> _How to complete this task_:
Every line of the listing below from the one with "Board of Education" up to and including the one with "Funskool 2004 Pokemon" should be retyped exactly, and nothing else; pictures are not part of the copy.

> _Study material_:
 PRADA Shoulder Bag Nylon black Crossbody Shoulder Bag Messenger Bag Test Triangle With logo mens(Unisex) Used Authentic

==

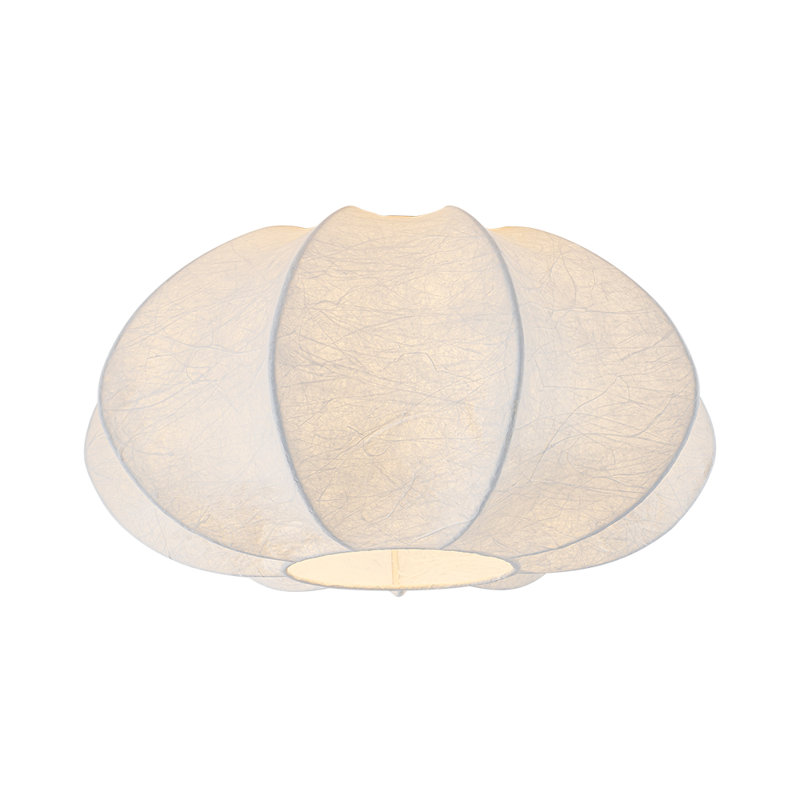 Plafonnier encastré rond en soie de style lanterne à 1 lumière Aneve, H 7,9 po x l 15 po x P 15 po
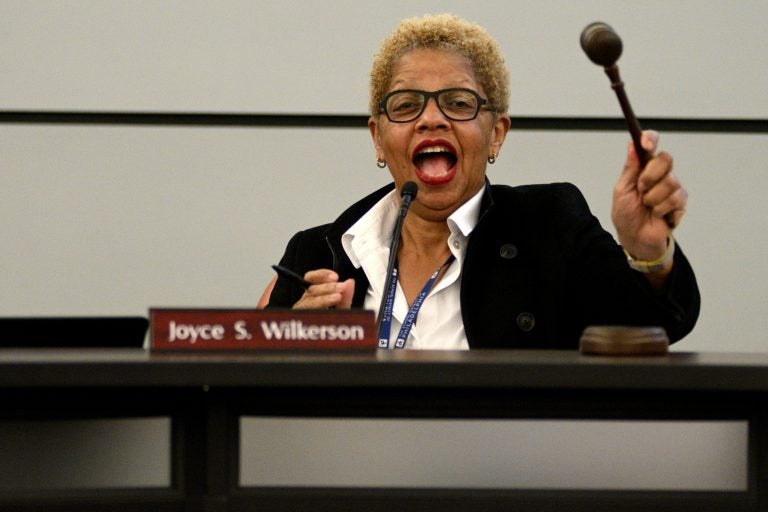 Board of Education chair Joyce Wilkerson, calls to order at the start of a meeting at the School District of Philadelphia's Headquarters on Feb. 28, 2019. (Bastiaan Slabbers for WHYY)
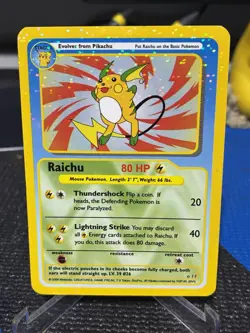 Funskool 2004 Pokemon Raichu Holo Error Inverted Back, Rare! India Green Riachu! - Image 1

> _Solution below_:
 Board of Education chair Joyce Wilkerson, calls to order at the start of a meeting at the School District of Philadelphia's Headquarters on Feb. 28, 2019. (Bastiaan Slabbers for WHYY)
 Funskool 2004 Pokemon Raichu Holo Error Inverted Back, Rare! India Green Riachu! - Image 1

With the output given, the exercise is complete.